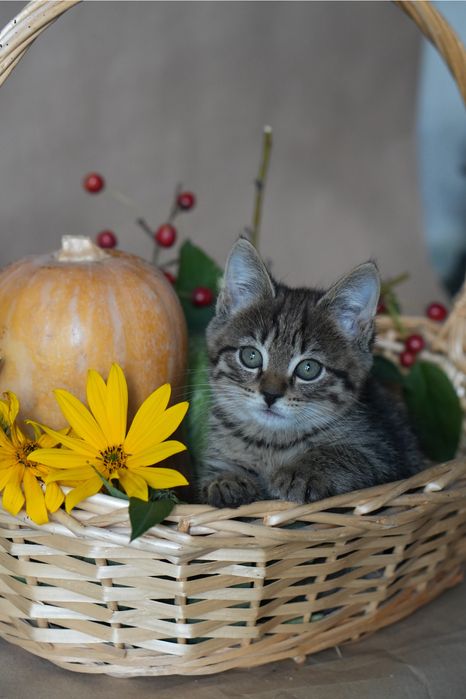 Котята британцы. Котята в хорошие руки.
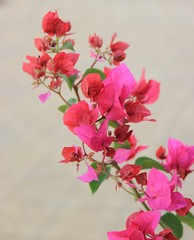 bright bush flowers in the foreground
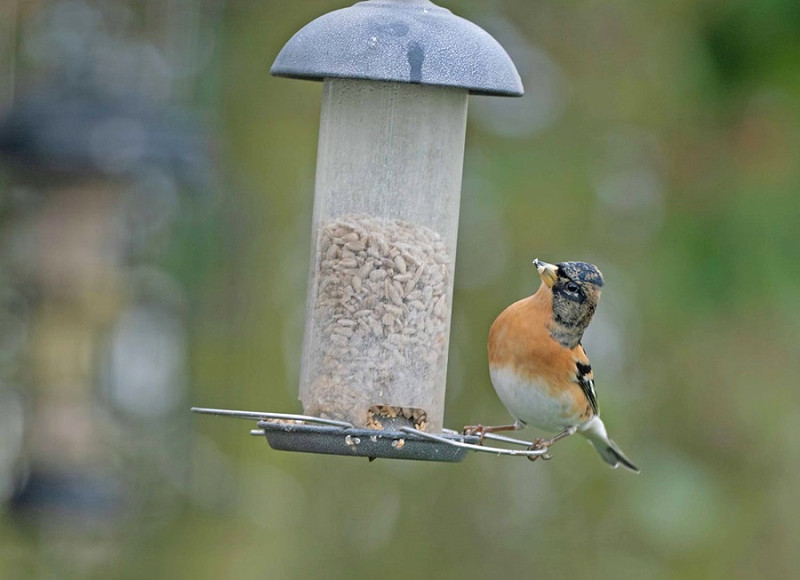 Brambling - John Hewitt.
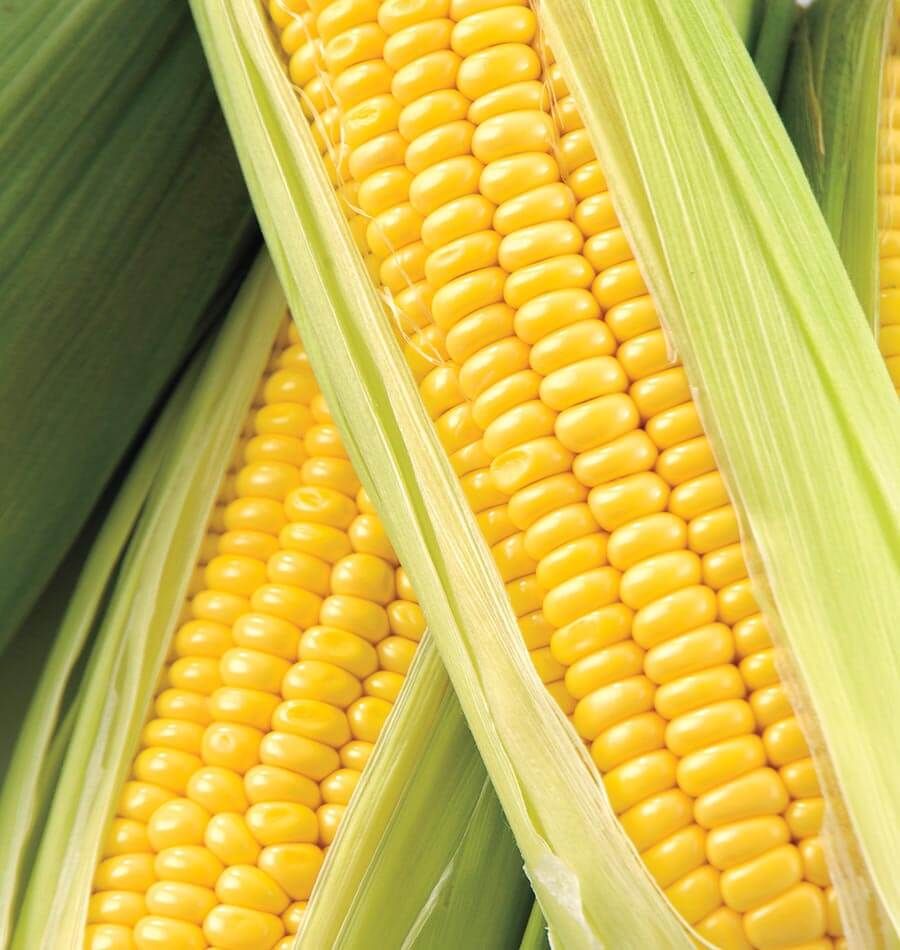 Honey select sweet corn f1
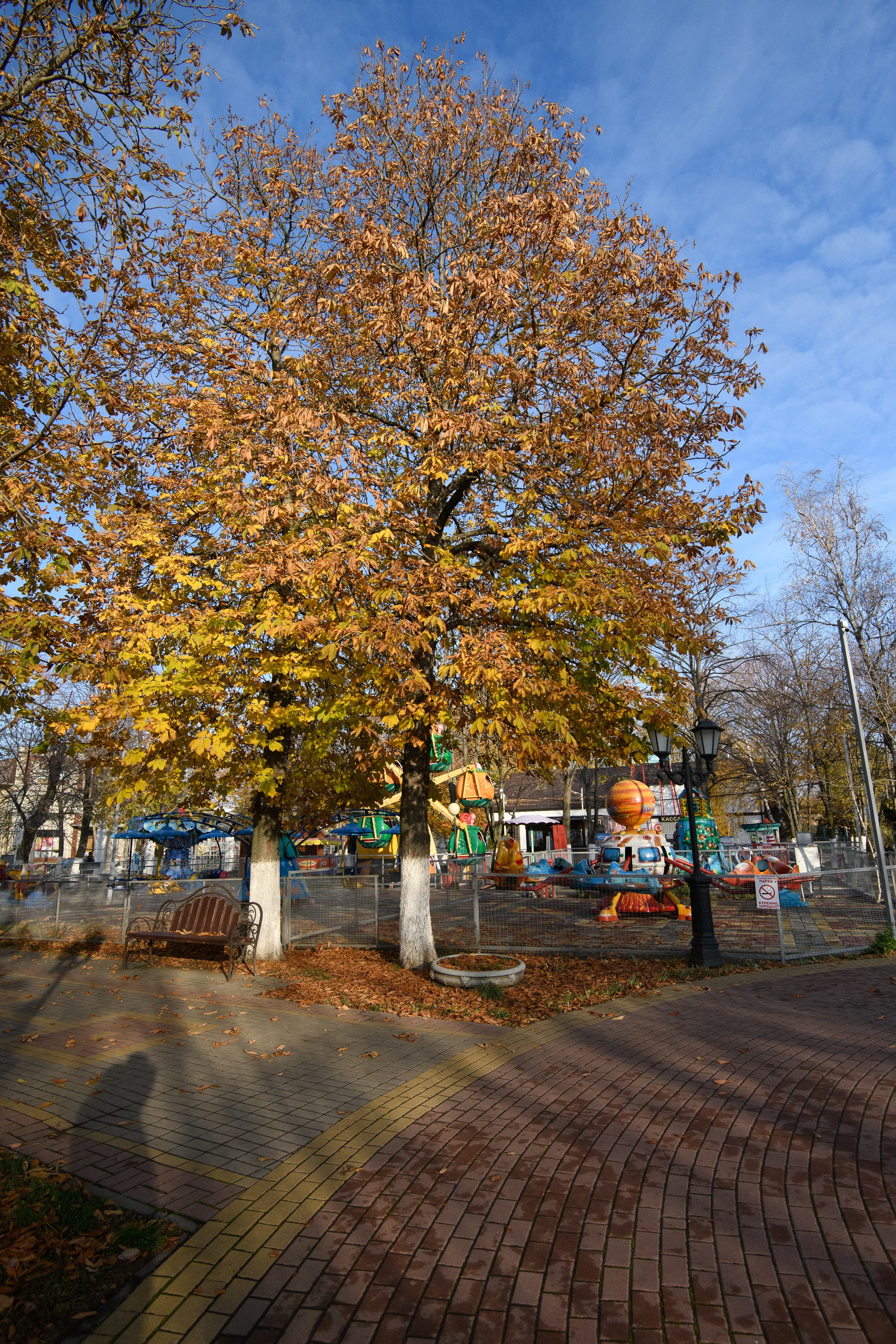Кропоткин. Профессиональная фотосъемка. Ростов-на-Дону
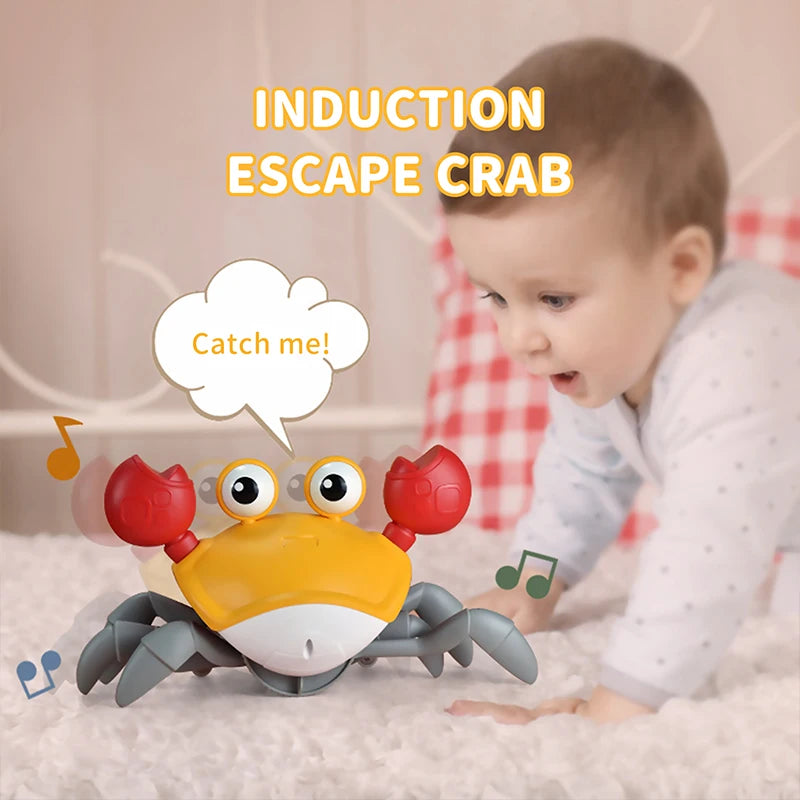 WiggleWonder: the Baby Walking Crab Toy - Boatlode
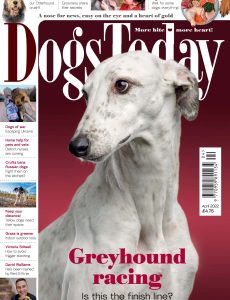 Dogs Today UK – April 2022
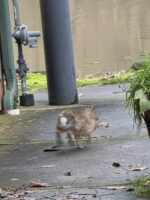 12/11/25: Rabbit Island in Sumas on 2nd
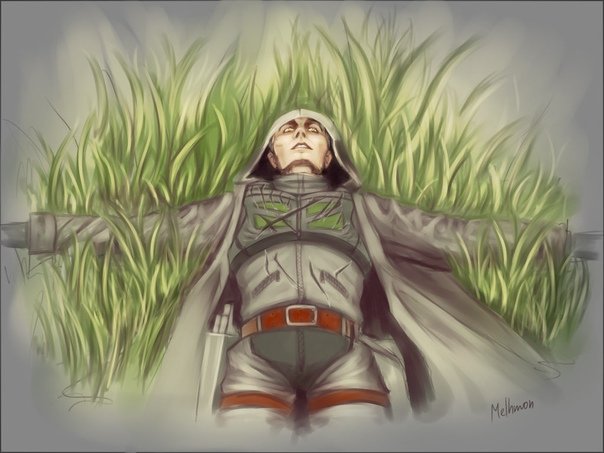 Сталкер Меченый и шрам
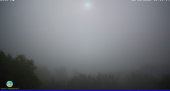 Snapshot taken on 15.05.2025 am31 08:05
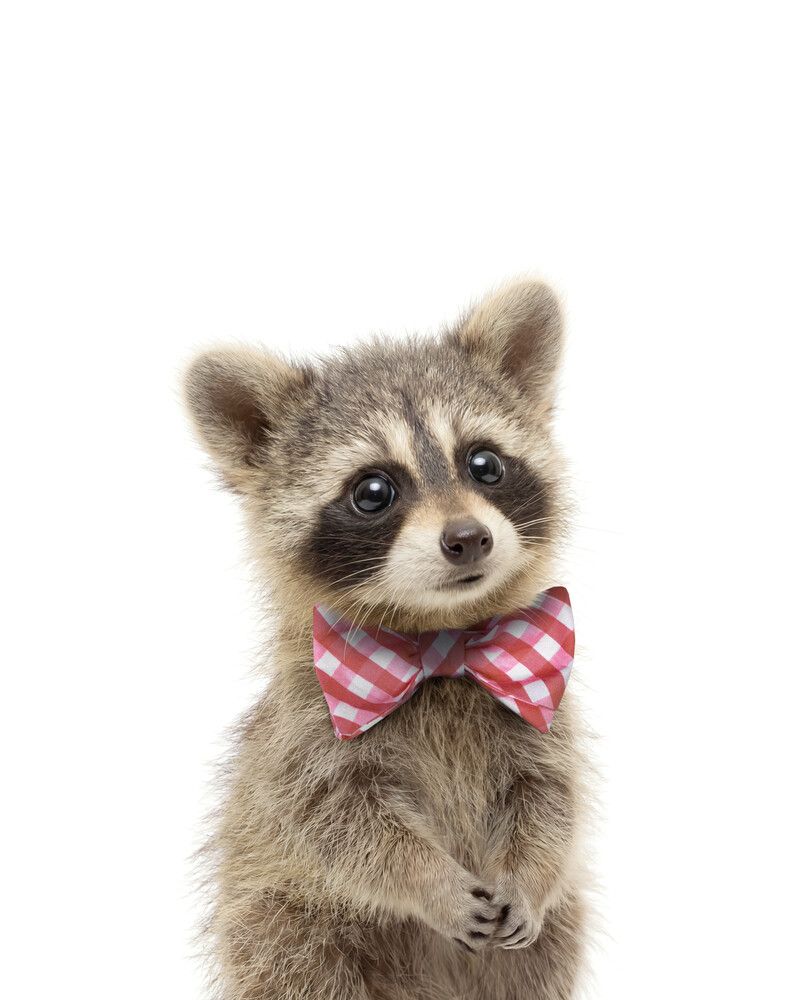Raccoon Bowtie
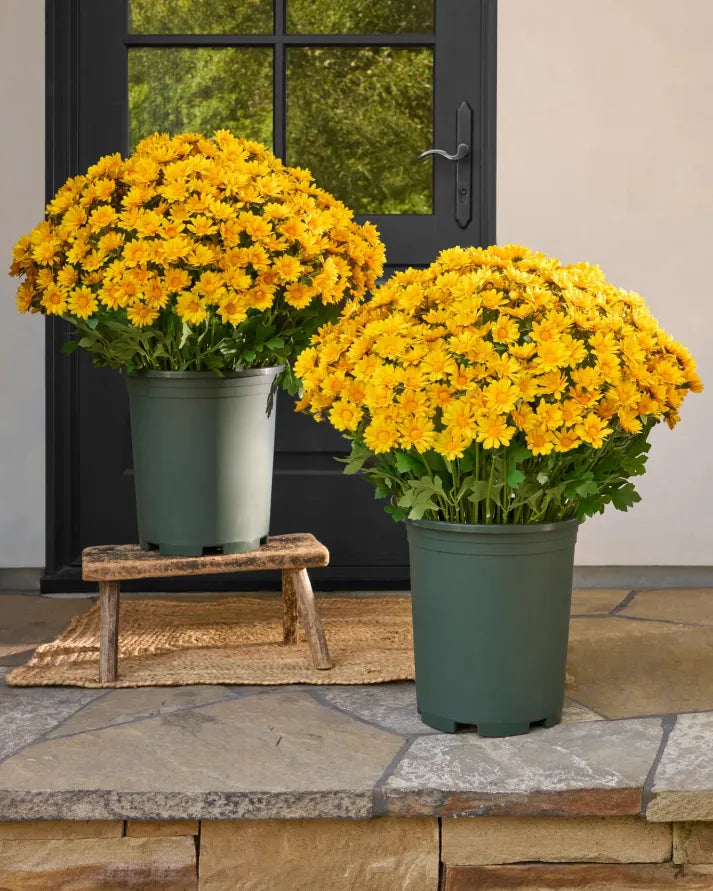 🍂Autumn's Beauty, Made to Last! A single pot of these artificial mums brings the season's warm colors to your home, and they'll never fade.🔥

* * *

» Aim of the exercise
Could you copy the data above exactly, leaving the pictures out?

» Reply to the task
 Котята британцы. Котята в хорошие руки.
 bright bush flowers in the foreground
 Brambling - John Hewitt.
 Honey select sweet corn f1
Кропоткин. Профессиональная фотосъемка. Ростов-на-Дону
 WiggleWonder: the Baby Walking Crab Toy - Boatlode
 Dogs Today UK – April 2022
 12/11/25: Rabbit Island in Sumas on 2nd
 Сталкер Меченый и шрам
 Snapshot taken on 15.05.2025 am31 08:05
Raccoon Bowtie
 🍂Autumn's Beauty, Made to Last! A single pot of these artificial mums brings the season's warm colors to your home, and they'll never fade.🔥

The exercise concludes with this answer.